Early August saw huge crashes in stock markets around the world, attributed to a combination of some soft US economic data and unwinding in the yen carry trade. The fundamentals haven’t changed, but was the mispricing before the crash, rather than after?

In August stock markets have recorded huge crashes followed by a fairly rapid recovery. The turbulence has been linked to an unwinding of the yen carry trade, but there are other factors in the underlying dynamics.

The pro-cyclical nature of many systems in the financial markets mean that adjustments, which in principle may be necessary and rational, can overshoot. The unwinding of trades associated with borrowing in Japanese yen to invest elsewhere, contributing to a huge one-day drop of 12% in Japan’s Topix index, was triggered by an interest rate rise of just 25 basis points by the Bank of Japan on July 31, from effectively zero. This occurred at a time when speculation grew that the Federal Reserve would cut interest rates. A reduction in the difference between the Japanese and US rates would send many carry trades into the red. In addition, the falls triggered sell signals in tracker funds.

For professionals, for example working for pension funds, putting the bulk of investment into passive, or tracker funds appears to be a safe option – it won’t get you fired. Systems are primed to issue sell orders at certain data points, and these cascade through the system. There is a case for making such funds more sophisticated, with circuit breakers to prevent an unrestricted slide when just a few indicators turn negative. Passive funds are cheap to administer, and the amount of money going into them continues to grow.

The US labour market data that unnerved investors was the news that 114,000 jobs had been added, compared with an expected 175,000 – a disappointment, perhaps, but hardly heralding a Great Depression on a par with the 1930s. The unemployment rate was registered at 4.3%, up from a low of 3.4% in April 2023.

For all that the financial world is awash with data, there seems to be no accurate figure indicating the scale that the yen carry trade reached by the end of July. Estimates ranged from $500bn, according to UBS, to a colossal $4tn, which was the estimate of JPMorgan Chase. Much of this trade has since been unwound, but the scale is difficult to quantify.

There is more than one type of investment that could fall under the heading of yen carry trade. There is the borrowing in yen by hedge funds and other short-term investors to invest in assets internationally, many in the US but others such as the Mexican peso. In addition, there is investment by Japanese institutions and households internationally. A third category is purchase of Japanese equities by international investors as a currency hedge.

Since the crash in early August, asset prices have largely recovered.

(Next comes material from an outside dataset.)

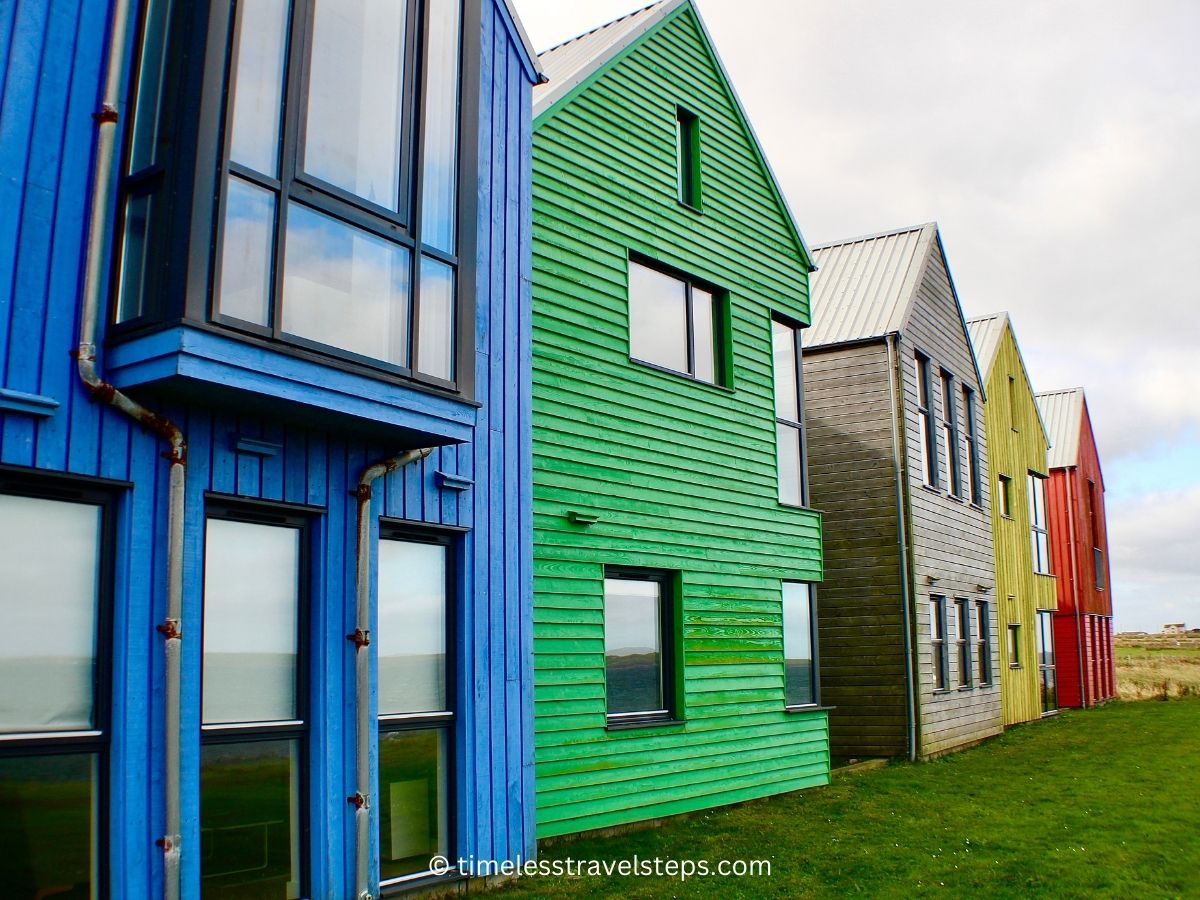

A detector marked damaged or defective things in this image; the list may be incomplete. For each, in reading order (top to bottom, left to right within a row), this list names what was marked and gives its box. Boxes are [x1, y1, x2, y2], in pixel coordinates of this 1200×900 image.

rusty metal downpipe [78, 0, 184, 897]
rusty metal downpipe [350, 448, 432, 897]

On August 19, Deutsche Bank reported that investments had been made particularly in index options, megacap technology stocks, cyclical stocks and defensives.

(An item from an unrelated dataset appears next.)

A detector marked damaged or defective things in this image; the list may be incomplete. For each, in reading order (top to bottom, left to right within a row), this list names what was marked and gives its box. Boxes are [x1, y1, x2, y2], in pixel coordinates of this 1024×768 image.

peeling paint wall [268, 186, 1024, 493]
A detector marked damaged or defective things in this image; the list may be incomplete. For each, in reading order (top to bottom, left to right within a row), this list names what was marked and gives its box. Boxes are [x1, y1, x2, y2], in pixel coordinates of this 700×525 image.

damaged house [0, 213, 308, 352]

Another factor is that stocks were looking over-priced, such that many investors were looking for a signal to sell. The Magnificent Seven US tech stocks had been rising all year amid hopes that artificial intelligence (AI) technology was heading for a boom. This resulted in high price-earnings ratio that would be justifiable only under the more optimistic scenarios for the AI revolution. Some earnings announcements from tech firms over the summer were disappointing – but as with the labour market statistics, hardly alarmingly so.

Throughout the wild fluctuations in asset prices during August, many observed that the fundamentals haven’t changed. But the complication is that some stock prices still appear overpriced.

Added to that is a US Presidential election in November with policy offerings from both candidates that depart from IMF orthodoxy. This is not new in the US, but there are concerns over Kamala Harris’ indication that she would implement President Joe Biden’s proposal for a capital gains tax of 40% for those earning over $1mn, and hinted at rental and price controls while Donald Trump openly boasts about increasing tariffs, which could hamper trade. The US public sector deficit looks set to continue rising irrespective of who moves into the White House.

There are still indicators of economic growth globally, and inflation has come down from the highs of 2022. It is possible, indeed probable, that the US economy will find its soft landing. But there is a precedent for stock markets to crash in the northern hemisphere autumn: the three big collapses of 1929, 1987 and 2008 occurred in September or October. It could be a nervy final quarter to 2024.
The author is a Qatari banker, with many years of experience in the banking sector in senior positions.